More than three weeks after Hurricane Ivan devastated Gulf of Mexico oil and gas infrastructure, British Petroleum is brainstorming ways to get around a frustrating predicament: it's got the goods, it's got the buyers. What it's missing is a way to get the goods to the buyers.

"All of our facilities are ready to go back into production," said Hugh Depland, spokesman for BP, a major oil and gas producer in the Gulf of Mexico. "But some platforms, like Na Kika, can't resume production because of the pipeline damage."

As a result, the platform, which could be producing as much as 110,000 barrels a day of precious low-sulfur crude oil, remains shut in.

BP hopes that it won't be out of commission much longer.

"We are hopeful that we can get all of our production online by the end of October," Depland said. "Our objective is to get back into production as quickly as possible."

To this end, the company has been looking into various ways to circumvent the problem of damaged pipelines, which are essential to transport oil from the platform to onshore refineries.

One alternative is to transport oil with the help of oil tankers; another is to create temporary tie-in lines into other operational pipelines.

"First we need to look into every possible solution," Depland said. "Then we can decide whether it's a feasible one or not."

The problem of damaged pipelines is complex.

"It's not like running down and putting some duct tape around it," Depland said.

About 30% of the Gulf's 33,000 miles of pipelines were in the direct path of Hurricane Ivan, the federal Minerals Management Service said in a statement late Friday. Segments of four large oil pipelines and five large gas pipelines remain shut in.

One major pipeline operated by BP, the MPOG line, is damaged near the Main Pass 69 block. But the oil from BP's platforms often flows through the pipelines that belong to other oil companies.

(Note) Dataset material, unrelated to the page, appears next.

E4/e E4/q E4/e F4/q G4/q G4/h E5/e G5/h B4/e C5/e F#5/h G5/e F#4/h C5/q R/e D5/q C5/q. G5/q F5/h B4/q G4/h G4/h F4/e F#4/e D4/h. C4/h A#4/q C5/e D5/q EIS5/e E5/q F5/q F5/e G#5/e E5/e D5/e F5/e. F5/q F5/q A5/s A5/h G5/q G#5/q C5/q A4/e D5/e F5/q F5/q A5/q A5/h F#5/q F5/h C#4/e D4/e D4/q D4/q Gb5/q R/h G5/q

The problem with Na Kika, a BP-operated platform, is that both BP- and Shell-owned pipelines leading to it were damaged by the hurricane.

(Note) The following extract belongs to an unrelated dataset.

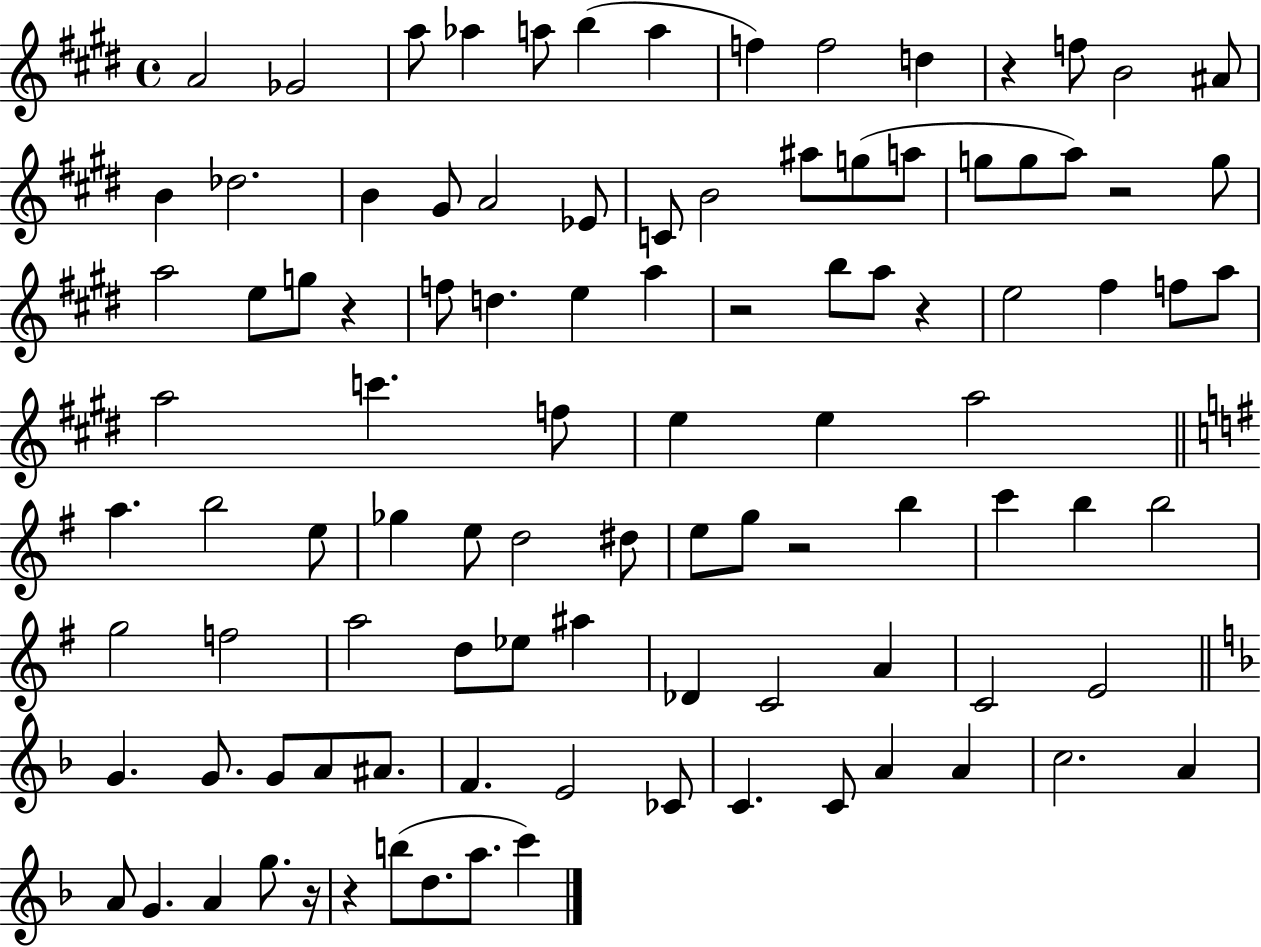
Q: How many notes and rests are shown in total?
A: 101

Another complication is that the MPOG pipeline lies underneath Shell's Na Kika line. This means that Shell would have to lift and repair Na Kika before BP can lift and repair MPOG, Depland explained.

"It's a complex and deliberate process," Depland said. "But we can't even begin until Shell does their part first."

The process requires the companies to proceed with extreme caution, because the federal government's "no-tolerance" aspect of the Clean Water Act makes companies accountable for even the smallest oil leak.

"As a company, we want to keep all of our hydrocarbons contained," Depland said. "Leak clean-up is expensive and counterproductive, and can give you a bad reputation if you are not doing it right."

BP is not alone it its predicament. Damage to pipelines is keeping a substantial amount of oil and natural gas production that is otherwise ready to be restored to service off line in the Gulf of Mexico, said the MMS, a division of the Department of Interior.

While nearly a third of the oil production still shut down may be back on line by the end of October, the rest could take as long as six months to bring back, the MMS said.

The outages are tightening an already stressed market, sending oil prices to record highs above $50 a barrel. In particular, the storm shut in production of hard-to-replace low sulfur crudes, forcing refiners to turn to the government's Strategic Petroleum Reserve for supplies.

"A substantial amount of the deferred production is directly attributable to the damage that has occurred along pipeline routes rather than actual structural damage to the producing pipelines," the MMS said.

"Pipelines in the mud slide areas off the mouth of the Mississippi River experienced failures and will take a significant effort to locate and repair because the pipelines are buried by as much as 20 to 30 feet of mud."